What's the best spell check setup in emacs

  |   Source

UPDATED: <2021-06-15 Tue>

CREATED: <2014-04-26 Sat>

I will show the minimum setup and explain details.

Topics covered in official manual (flyspell-mode-predicate, for example) are NOT discussed.

You can check my complete configuration HERE.

Suggestion for non-programmers

Emacs finds the right dictionary by querying the locale.

You can run the command locale in the shell to get current locale.

Below set up force Emacs to use the dictionary "en_US":

;; find aspell and hunspell automatically
(cond
 ;; try hunspell at first
  ;; if hunspell does NOT exist, use aspell
 ((executable-find "hunspell")
  (setq ispell-program-name "hunspell")
  (setq ispell-local-dictionary "en_US")
  (setq ispell-local-dictionary-alist
        ;; Please note the list `("-d" "en_US")` contains ACTUAL parameters passed to hunspell
        ;; You could use `("-d" "en_US,en_US-med")` to check with multiple dictionaries
        '(("en_US" "[[:alpha:]]" "[^[:alpha:]]" "[']" nil ("-d" "en_US") nil utf-8)))

  ;; new variable `ispell-hunspell-dictionary-alist' is defined in Emacs
  ;; If it's nil, Emacs tries to automatically set up the dictionaries.
  (when (boundp 'ispell-hunspell-dictionary-alist)
    (setq ispell-hunspell-dictionary-alist ispell-local-dictionary-alist)))

 ((executable-find "aspell")
  (setq ispell-program-name "aspell")
  ;; Please note ispell-extra-args contains ACTUAL parameters passed to aspell
  (setq ispell-extra-args '("--sug-mode=ultra" "--lang=en_US"))))

That's it!

Some people prefer hunspell because hunspell gives better suggestions for typo fix.

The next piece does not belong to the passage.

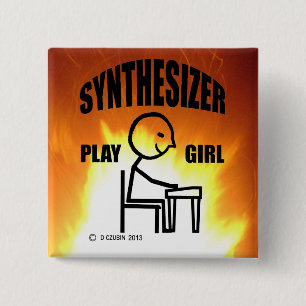 Synthesizer Play Girl Vierkante Button 5,1 Cm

We can run both programs to demonstrate,

echo htink | aspell -a --sug-mode=ultra --lang=en_US
echo htink | hunspell -a -d en_US

Run man aspell or man hunspell in shell if you have more questions. I've nothing more to say.

Suggestion for programmers

I recommend aspell instead of hunspell (Though hunspell is fine).

Please insert below code into your ~/.emacs:

;; if (aspell installed) { use aspell}
;; else if (hunspell installed) { use hunspell }
;; whatever spell checker I use, I always use English dictionary
;; I prefer use aspell because:
;; 1. aspell is older
;; 2. looks Kevin Atkinson still get some road map for aspell:
;; @see http://lists.gnu.org/archive/html/aspell-announce/2011-09/msg00000.html
(defun flyspell-detect-ispell-args (&optional run-together)
  "if RUN-TOGETHER is true, spell check the CamelCase words."
  (let (args)
    (cond
     ((string-match  "aspell$" ispell-program-name)
      ;; Force the English dictionary for aspell
      ;; Support Camel Case spelling check (tested with aspell 0.6)
      (setq args (list "--sug-mode=ultra" "--lang=en_US"))
      (when run-together
        (cond
         ;; Kevin Atkinson said now aspell supports camel case directly
         ;; https://github.com/redguardtoo/emacs.d/issues/796
         ((string-match-p "--camel-case"
                          (shell-command-to-string (concat ispell-program-name " --help")))
          (setq args (append args '("--camel-case"))))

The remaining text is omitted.